The attendant assigned me to an aisle seat. My mate weighed at least 300 pounds. He luxuriated as if he were home in a King-size bed. I cleared my throat and gave him the evil eye, but this fat guy did not care one red zit about my little personal space. Mercifully, I persuaded the attendant to give me another seat.

He assigned me to seat No. 7 -- in another car. Walking down the darkened aisle, I realized that most of the passengers in this car were old. An eerie silence reigned. I strained to hear soft, intermittent snores, yawns and a man muttering to himself in his sleep.

My new car was lively. I stowed my luggage and walked to the lounge, where I ordered a bottle of wine and sat behind four people, two black men, a black woman and a white man, playing bid whist. I scooped up an abandoned New York Daily News on a nearby table and began reading about Mayor Giuliani's blasting the press for writing that his women problems have distracted him from his official duties.

Suddenly, in walked the James Carville blond I mentioned. She sat beside me and launched into a morbid description of how a truck had crushed her fiance to death. I dashed to another table in the smoking area (and I do not smoke). If she had not been so loud, I could have suffered her presence. After a few minutes, I braved a trek back to the bar; the blond had disappeared. I sat at a window and watched darkness engulf the train and an occasional light rocket past. We were somewhere north of Jacksonville. Wheels clanked and rattled on the tracks.

An old black couple, seeming to have been together since the beginning of time, sat nearby.
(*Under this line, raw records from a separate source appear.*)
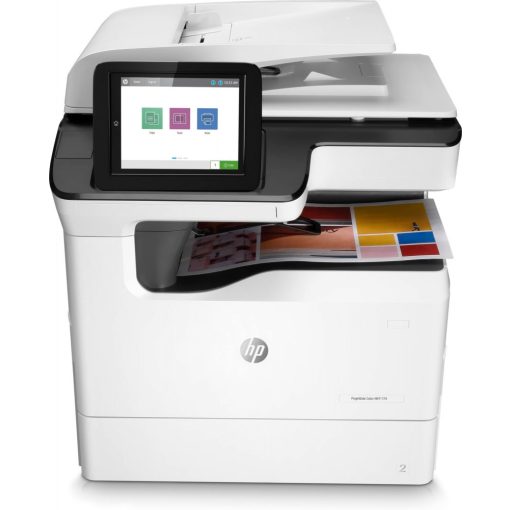 HP PageWide Color Multifunkciós Printer 779dn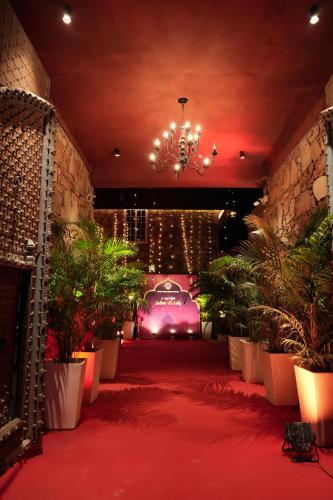 hotel atola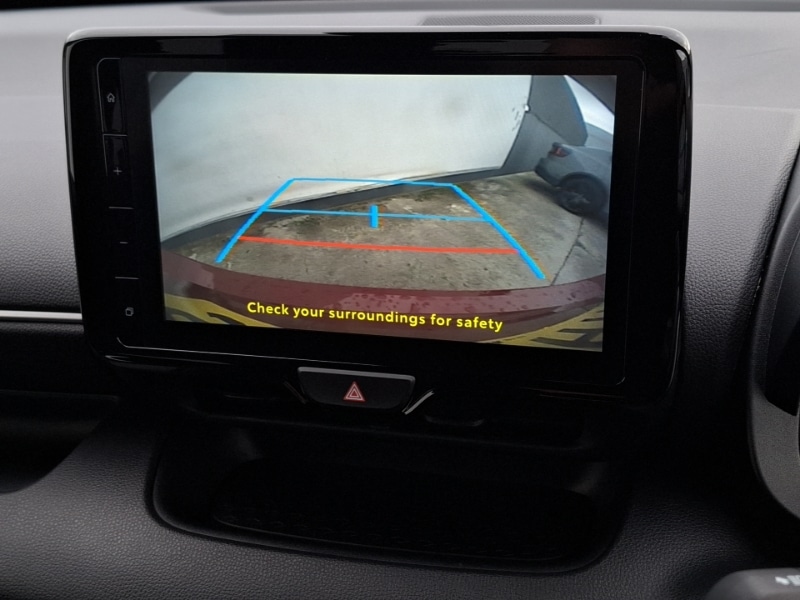 Used Mazda Mazda2 HYBRID 2025 for sale - 76552718: Photo 15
The man played one-hand solitaire, and the woman stared at him lovingly, her colorful hat cocked seductively to one side. A young white woman plopped down at my table, hugged her knees to her chin, closed her eyes and, miraculously, fell asleep.

A heavily moustached, older white man nursed cold coffee. He seemed to dislike everyone. A white teenage boy behind me -- eyes shut, Yankees baseball cap turned backward, earplugs tuned into a portable CD player -- tapped his fingers on the table. Two Asian lovers, each with intricate tatoos, kissed as if kissing were being outlawed the next day. A group of self-absorbed Rastafarians strolled through on their way to the diner.

Without warning, the giant television in the rear of the lounge came on and Bugs Bunny's mischievous face lit up the screen. Everyone in the car, even the sullen man nursing cold coffee, turned to watch. In no time, many people, including the morbid blond, were laughing.

As we neared Savannah, I realized that at least one Amtrak slogan was right: "What a difference the train makes." I am looking forward to my next rail adventure.